Allerdings gibt es zwei anhaltende Probleme mit dieser Sicht auf die Dinge. Das erste ist, dass Anhängerinnen und Anhänger der Post-Arbeits-Bewegung dazu tendieren, es bei der Beweisführung nicht so genau zu nehmen. Die besagte Erhebung von YouGov erlaubt zum Beispiel keineswegs, wie Harry Pitts und Paul Thompson bemerken, den Schluss, dass die Mehrheit der Befragten ihren Job als »sinnlos« empfinden. Derselben Umfrage ist nämlich auch zu entnehmen, dass 63 Prozent der Befragten ihren Job durchaus als »sehr oder einigermaßen persönlich erfüllend« einstufen, »während 33 Prozent das nicht so fanden«. Auch die Ergebnisse des British Workplace Employment Relations Survey lassen auf Ähnliches schließen und zeigen einen Anstieg der Zufriedenheit unter den Befragten mit dem eigenen Job zwischen 2004 und 2011. 72 Prozent waren »zufrieden oder sehr zufrieden damit, zu arbeiten« (ungefähr zwei Drittel sprachen von einem »Gefühl, etwas geschafft zu haben«, wenn sie über ihre Arbeit redeten).

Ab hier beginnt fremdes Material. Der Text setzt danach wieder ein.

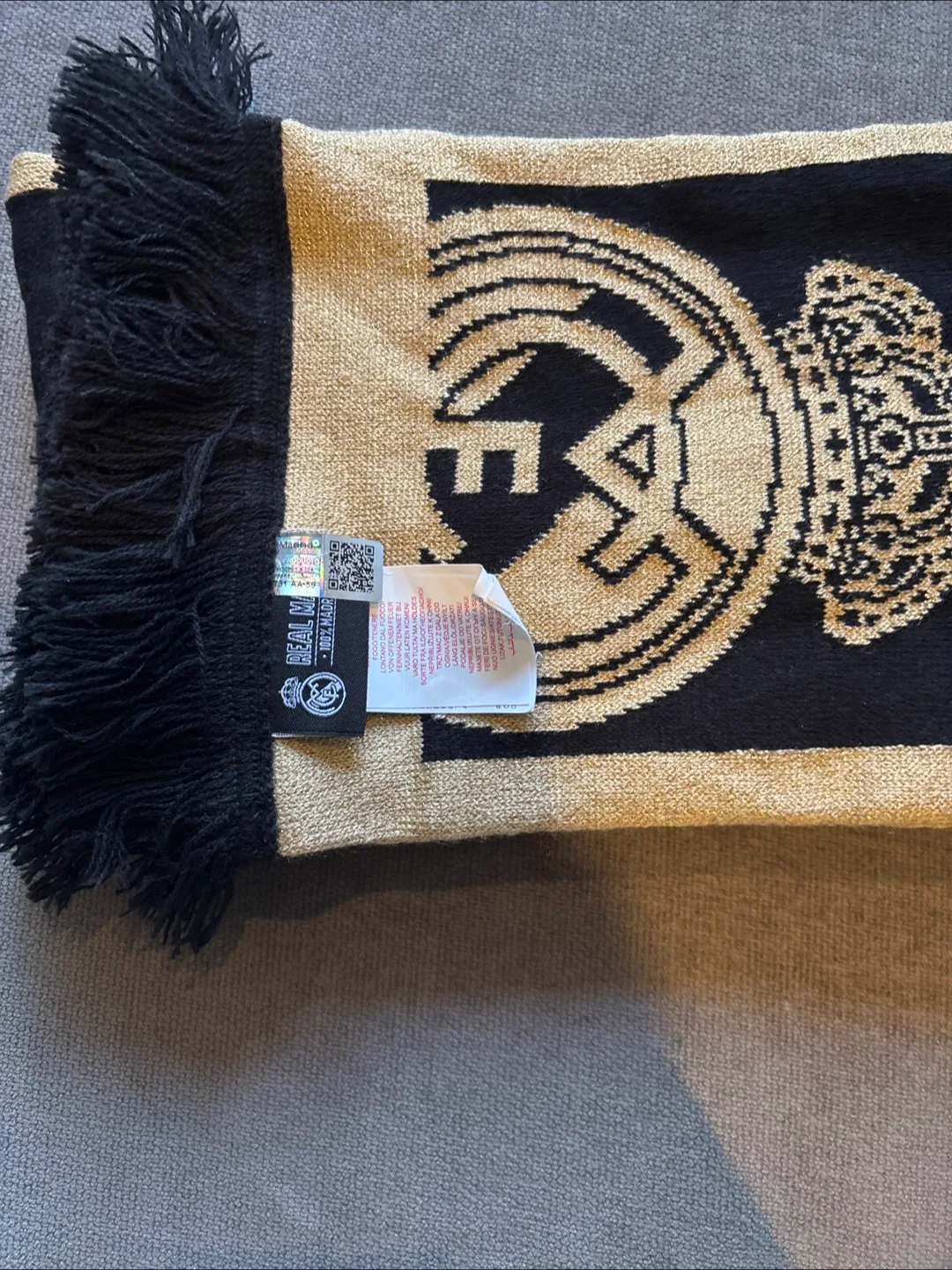 NEW! Limited Addition- Real Madrid Knit Scarf image indicator(3)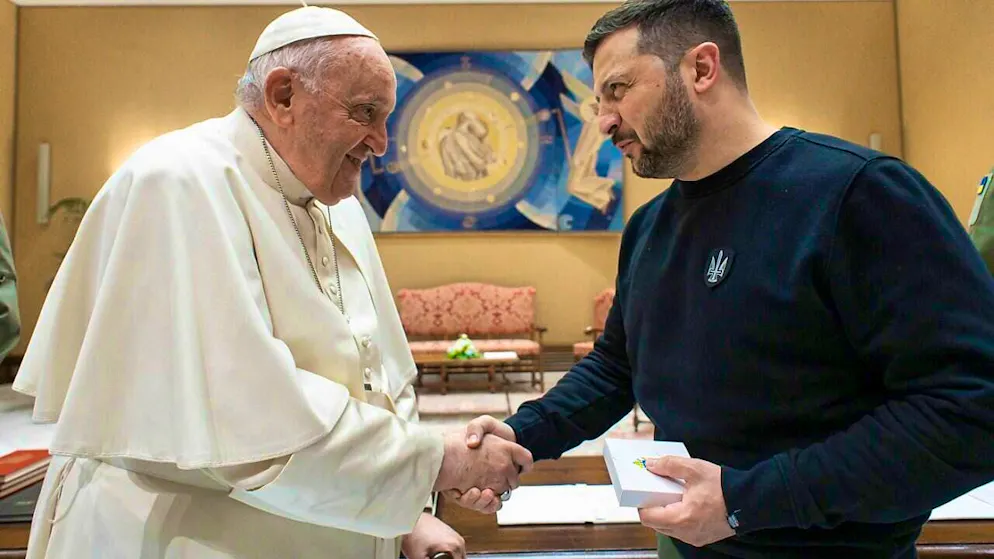 HANDOUT - Ukrainian President Volodymyr Zelenskyi meets Pope Francis at the Vatican. Photo: -/Vatican Media/dpa/Archive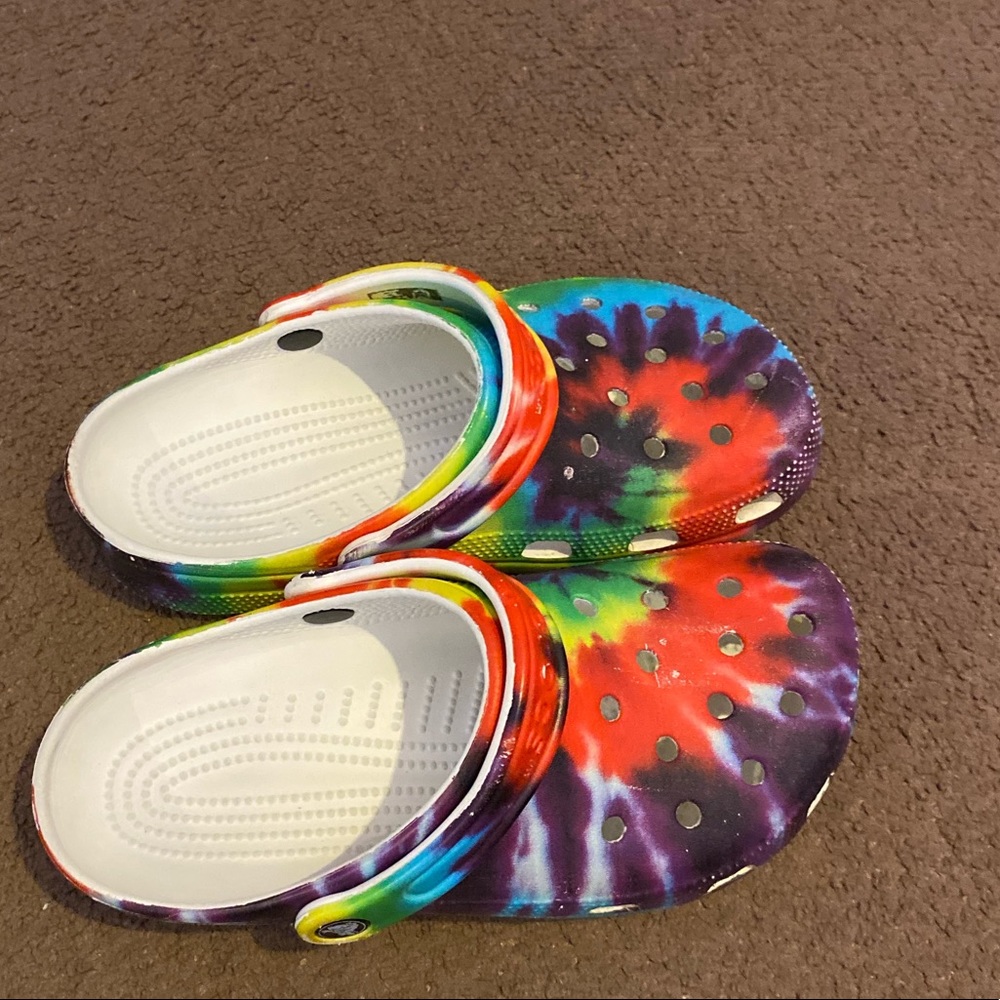 Crocs size 7(women) spiral colors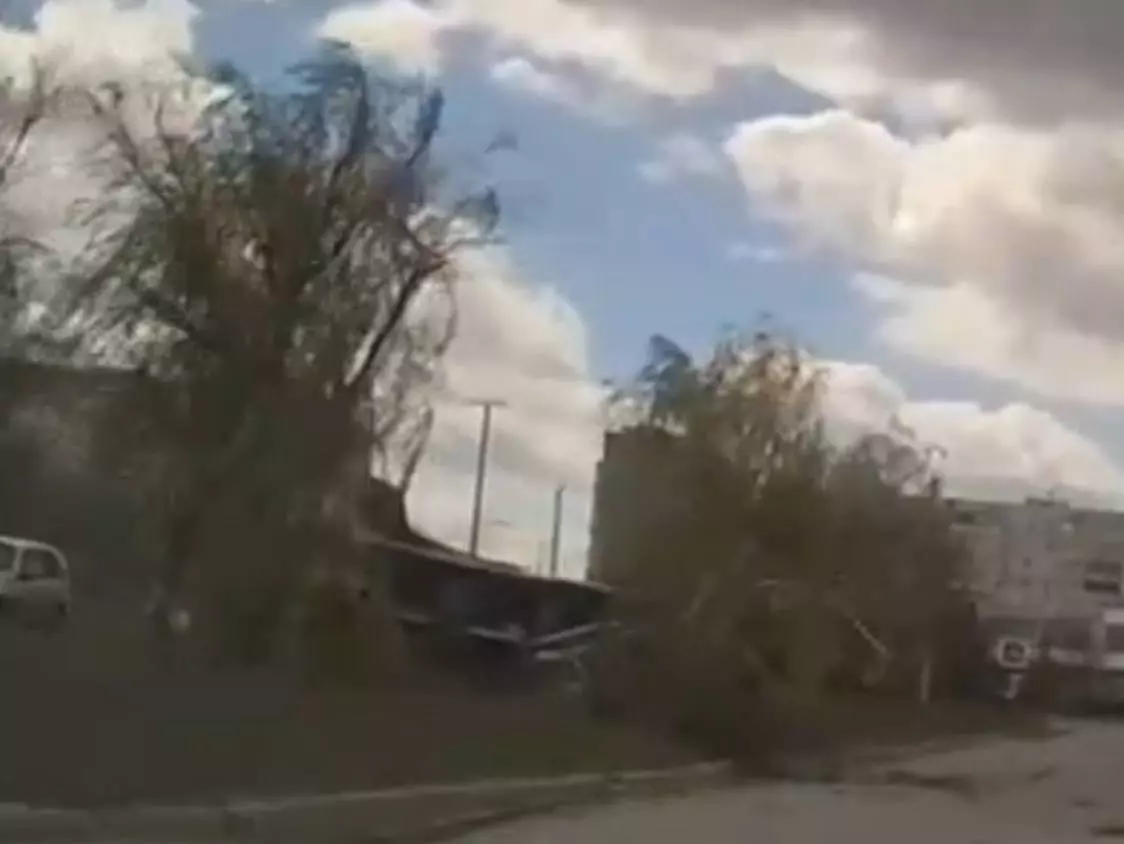 В Волгодонске ураганный ветер повалил громадный рекламный щит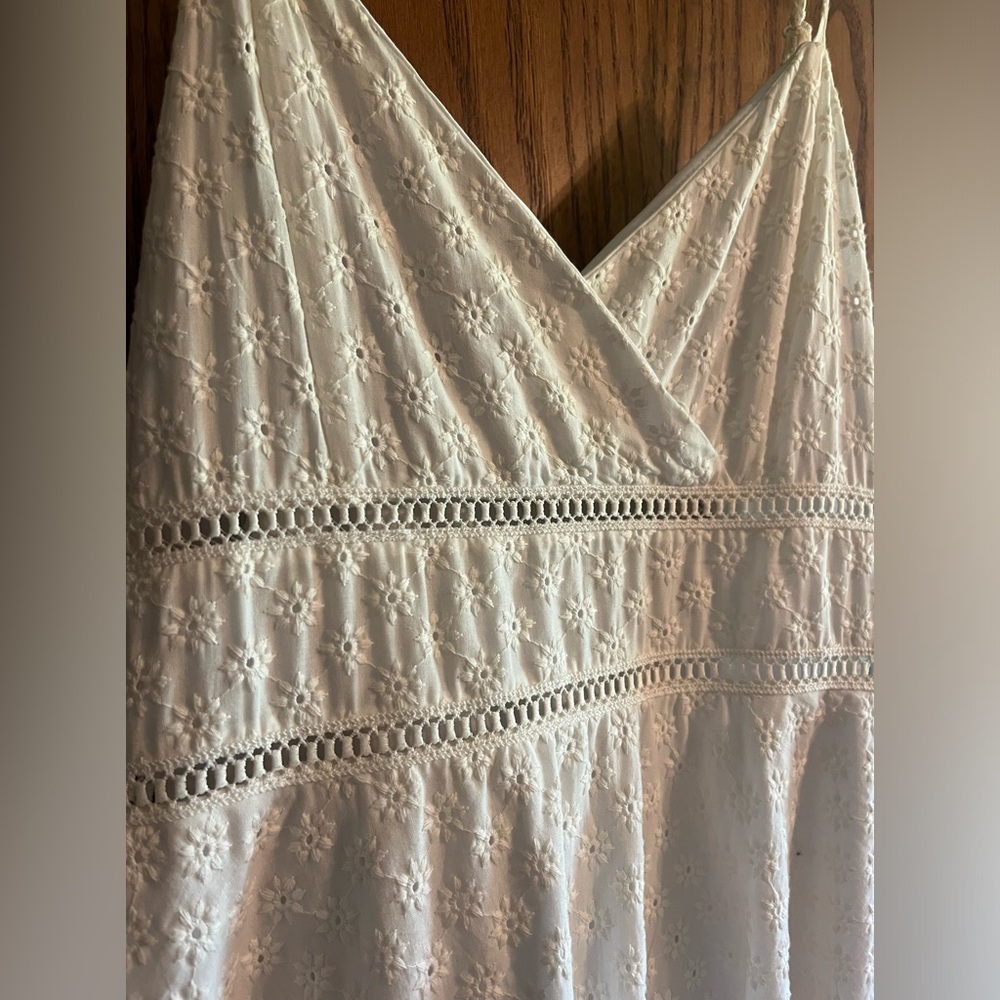 WHITE FLOWER PRINT DRESS - Picture 2 of 4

Die 13 Prozent, auf die Srnicek und Williams verweisen, beziehen sich außerdem lediglich auf diejenigen Befragten, die sich als in ihre »Arbeit aktiv involviert« fühlten. Allerdings fühlten sich auch nur 18,8 Prozent in derselben Umfrage »aktiv ausgeschlossen« – eine überschwängliche Ablehnung gegenüber der Arbeit sieht anders aus. Dabei sind Kriterien wie »Involviertheit« oder auch »Zufriedenheit« ohnehin eher schwer zu definieren: Sich darum zu bemühen, in die eigene Arbeit involviert zu sein, ist nicht dasselbe, wie sich für die Chefin auszubeuten, ohne dafür einen Ausgleich zu erhalten. Im Schatten einer weltweiten Rezession, einhergehend mit quasi zwangsläufigem Stellenabbau, ist es nicht verwunderlich, dass Arbeiterinnen und Arbeiter eine solche »Involviertheit« ablehnen.
Die eigenen Daten der Post-Arbeits-Bewegung hingegen zeichnen ein viel ungenaueres Bild der aktuellen Beziehung der Arbeiterschaft zu ihrer »Arbeit«. Anstatt einfach einen Ausgleich zwischen Arbeit und Freizeit anzustreben, lassen Forschungen darauf schließen, dass es vielmehr um einen »komplexe Mischung aus positiver Anhänglichkeit und Arbeitsidentität« in Verbindung mit einem »Anstieg der Sorge um Themen wie Unsicherheit, Anerkennung, Unterbeschäftigung, Arbeitsdruck und unfaire Entlohnung« geht. Paul Thompson schließt daraus, dass es mehr um die »steigende Divergenz zwischen dem, was Arbeit uns abverlangt und dem, was wir von Arbeit erwarten« gehe als um das Verlangen, Arbeit abzuschaffen.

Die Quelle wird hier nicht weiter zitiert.